** WORK REQUIRED **
Repeat the data exactly as given below, dropping every picture.

** THE DATA **
-- Opening Marker --
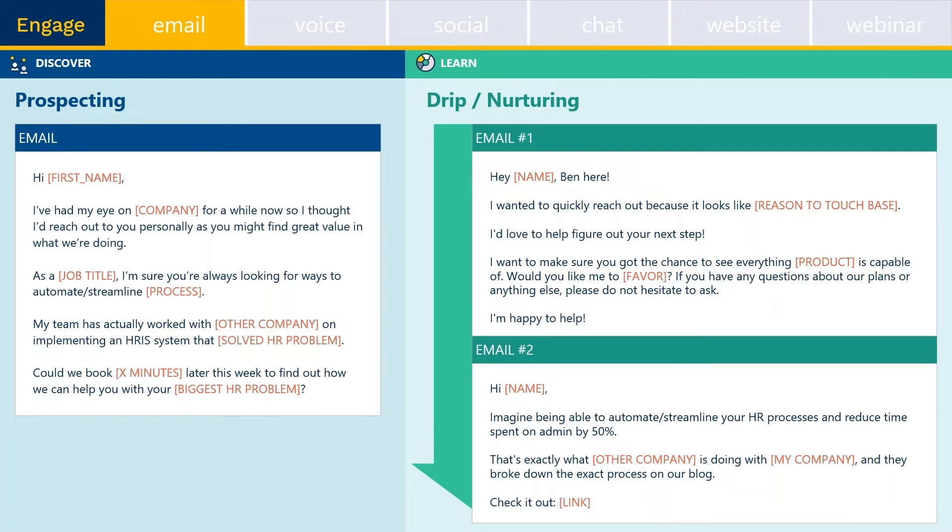As you can see on my screen here, these are some examples of email templates and email copies. We have a prospecting email, also called the discovery email, and we also have something on the drip or the nurturing part of it for the targeted email campaign.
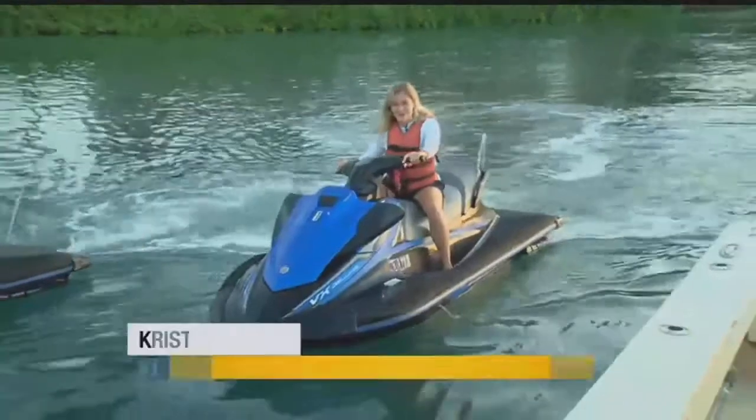ABC7's Kristen Clark is live right now. She's in Naples, she's on the jet ski tour. You're in Gordons Pass, correct? We are at Gordons Pass. Good morning, Jen and Greg.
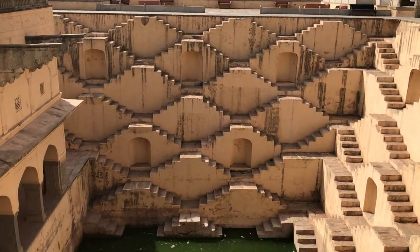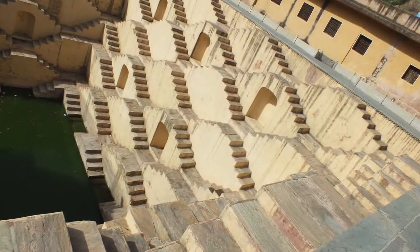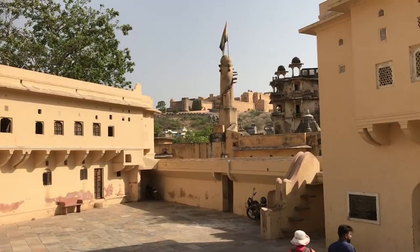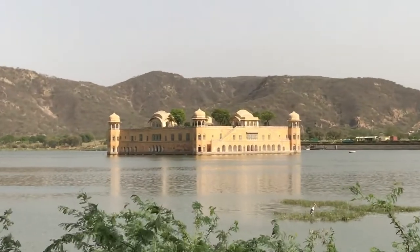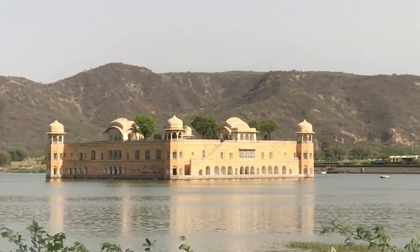Look at this amazing stepwell — not sure I'd want a drink though. This is the beautiful Jal Mahal or Water Palace, made by the King of Amber in the middle of Mansagar Lake. It represents the use of Mughal and Rajput architecture style. It's free to view and photograph but as of 2015 it's privately owned and you're not allowed in.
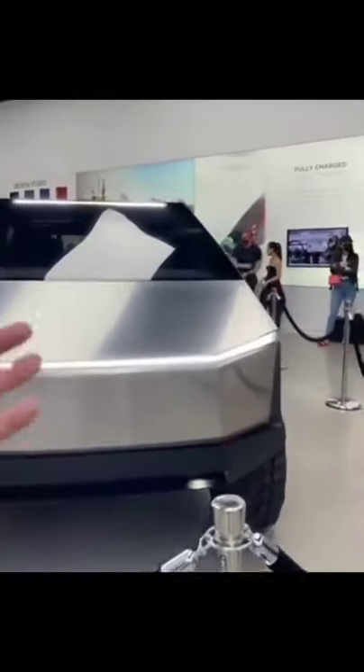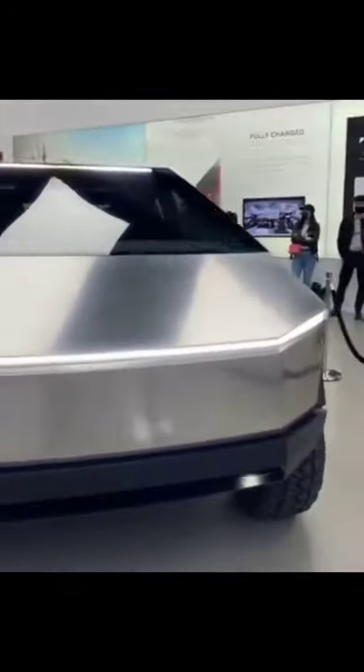Tesla Cybertruck. I have a mask on so it might be hard to hear me, but here it is in person at the packing store in New York City. Notice that there's no rear-view or side-view mirrors — there's one of the cameras over there.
-- Closing Marker --
** EXERCISE RESULT **
As you can see on my screen here, these are some examples of email templates and email copies. We have a prospecting email, also called the discovery email, and we also have something on the drip or the nurturing part of it for the targeted email campaign.
ABC7's Kristen Clark is live right now. She's in Naples, she's on the jet ski tour. You're in Gordons Pass, correct? We are at Gordons Pass. Good morning, Jen and Greg.
Look at this amazing stepwell — not sure I'd want a drink though. This is the beautiful Jal Mahal or Water Palace, made by the King of Amber in the middle of Mansagar Lake. It represents the use of Mughal and Rajput architecture style. It's free to view and photograph but as of 2015 it's privately owned and you're not allowed in.
Tesla Cybertruck. I have a mask on so it might be hard to hear me, but here it is in person at the packing store in New York City. Notice that there's no rear-view or side-view mirrors — there's one of the cameras over there.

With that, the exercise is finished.